Rosa woont met haar moeder in Nijmegen, maar ze gaan op bezoek bij haar vader wanneer dit kan. Dit is nooit erg lang, want zoals de zuurstof in de tank raakt de energie bij haar vader snel op. Rosa en haar moeder komen thuis aan na een geslaagd verjaardagsfeestje bij haar vader in Kerkdriel. De telefoon rinkelt in haar moeders broekzak.
Haar moeder neemt op. Haar ogen worden groot. Zo groot dat het lastig is om te zien of dit van vreugde is of van angst. Maar al snel ontstaat er een brede glimlach die haar moeders gezicht overneemt. ‘’ Maar jan dit is geweldig’, slaakt haar moeder uit met een kreet. Rosa weet het meteen: Haar vader krijgt nieuwe longen.
Rosa loopt het UMC ziekenhuis binnen en ze voelt een beklemmende spanning in haar borst. Het ziekenhuis is haar niet vreemd, hier liep ze elf jaar geleden met dezelfde spanning. Bordjes en aanwijzingen lijken op haar af te komen als een wirwar van instructies. Ze vraagt zich af hoe haar vader erbij ligt, terwijl ze haar handen kramachtig over elkaar wrijft. Ze bereikt de deur van kamer 9 en aarzelt even voordat ze naar binnen gaat. Dan duwt ze toch de deurklink langzaam naar beneden en komt in het tussenkamertje. Ze pakt het benodigde coronapak en trekt deze met trillende handen aan. Ze worstelt met de volgorde van de handschoenen, het pak, het mondkapje, de muts. Wat zei de verpleger ook alweer? Het mondkapje snijdt in haar huid en haar handen worden klam in de latex handschoenen. Ze ziet er niet uit in het knalgele pak en grinnikt toch even. Deur nummer twee opent ze langzaam, eerst ziet ze het grote raam die op het Science Park van Utrecht uitkijkt. Verder heeft de kamer een troosteloze sfeer zonder versiering. Dan schieten Rosa haar ogen naar links en vinden ze die van haar vader, die lichten op. Rosa haar ogen vullen zich met tranen. ‘’Komt de paashaas nou op bezoek’’, zegt haar vader. En hun lach vult de kamer, zo verdwijnt de troosteloze sfeer snel.
De dagen vliegen voorbij en het ziekenhuis wordt Rosa’s haar tweede thuis.

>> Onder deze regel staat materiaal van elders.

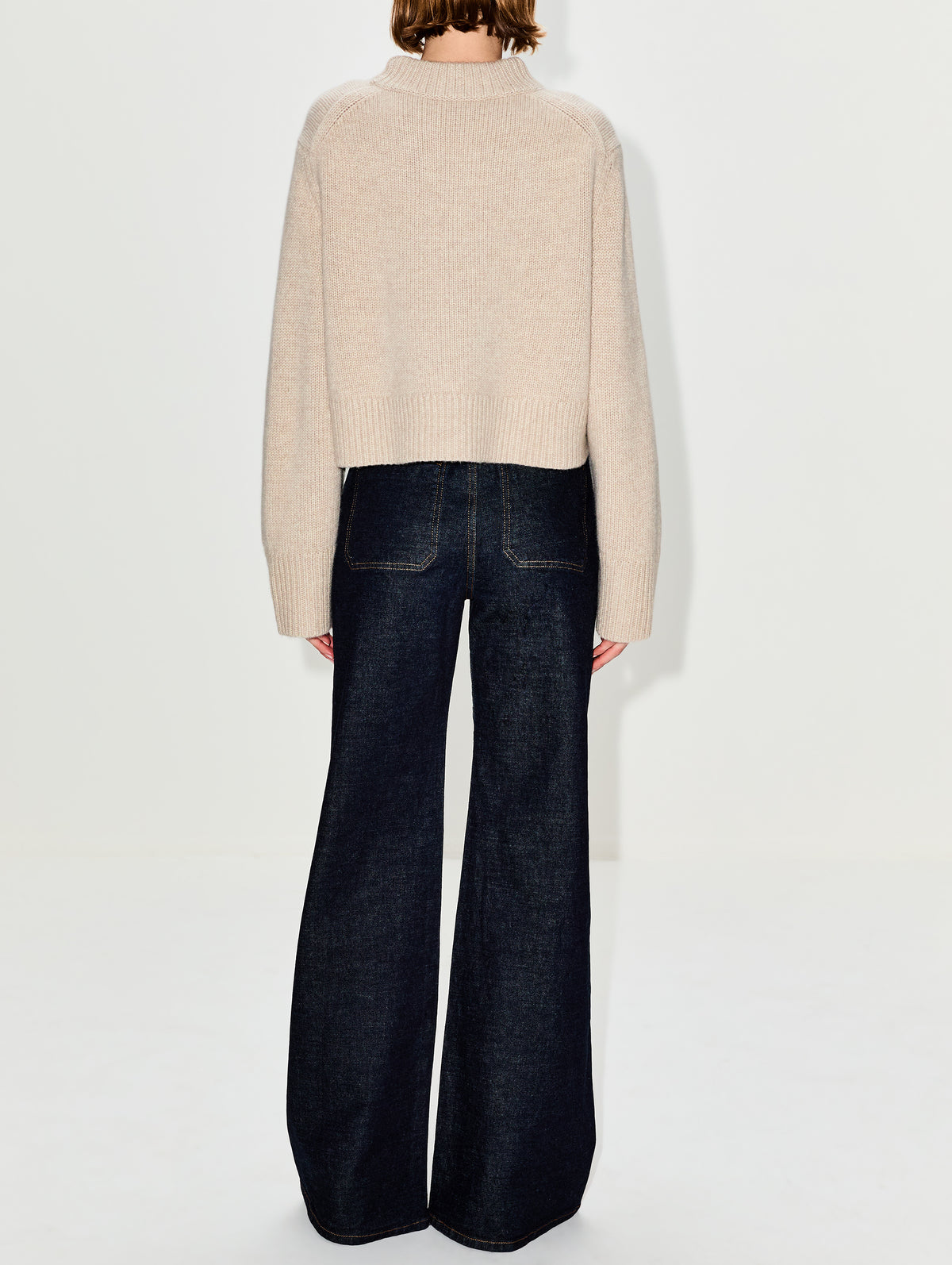 Cropped Oversized Sweater,CO,BEIGE MELANGE,Image 3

Saturatie is 94%, bloedruk binnen de lijnen en een stevige hardslag, voor Rosa een teken dat ze met een gerust hart een rondje kan lopen. De kamer wordt steeds beklemmender en haar ooit zo’n grote beer van een vader lijkt steeds kleiner en fragieler in het grote ziekenhuisbed. Wanneer Rosa de deur achter haar sluit voelt ze dan ook een lading van opluchting en tegelijkertijd een steek in haar borst. Elke minuut kunnen de longen van haar vader het begeven. Ze ploft buiten neer en staart voor zich uit. Ze ziet mensen lachen en huilen, kinderen met een tekening in hun vuistje het ziekenhuis binnen rennen, krukken, ballonnen, maar Rosa denkt maar aan één ding. Zoveel mensen, maar de angst en de eenzaamheid is overweldigend.

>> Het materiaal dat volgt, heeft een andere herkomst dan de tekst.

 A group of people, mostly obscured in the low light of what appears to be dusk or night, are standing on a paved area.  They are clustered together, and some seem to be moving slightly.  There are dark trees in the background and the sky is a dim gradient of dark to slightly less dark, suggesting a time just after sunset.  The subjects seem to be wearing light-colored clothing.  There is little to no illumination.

‘Rosa, je moet weten dat er één derde kans is dat je vader deze operatie niet overleeft’’, zegt haar moeder. Ze kijkt haar moeder aan en zegt even niks. Ze voelt dat haar lip trilt. Ze is nog jong maar beseft dat haar moeder serieus is, dit ziet ze aan de grote rimpel die op het voorhoofd van haar moeder verschijnt. ‘Wat gaan ze precies doen bij papa?’’, vraagt ze zacht. ‘’Zijn oude longen worden uit zijn lichaam gehaald en twee nieuwe longen erin geplaats. Als dit goed gaat kan je vader straks weer veel meer doen en kan hij langer blijven leven. Maar er zitten heel veel risico’s aan deze operatie en er kan veel misgaan’’, vertelt ze langzaam en lettend op haar woorden. Rosa zegt niks, maar voelt een grote steen in haar maag ontstaan.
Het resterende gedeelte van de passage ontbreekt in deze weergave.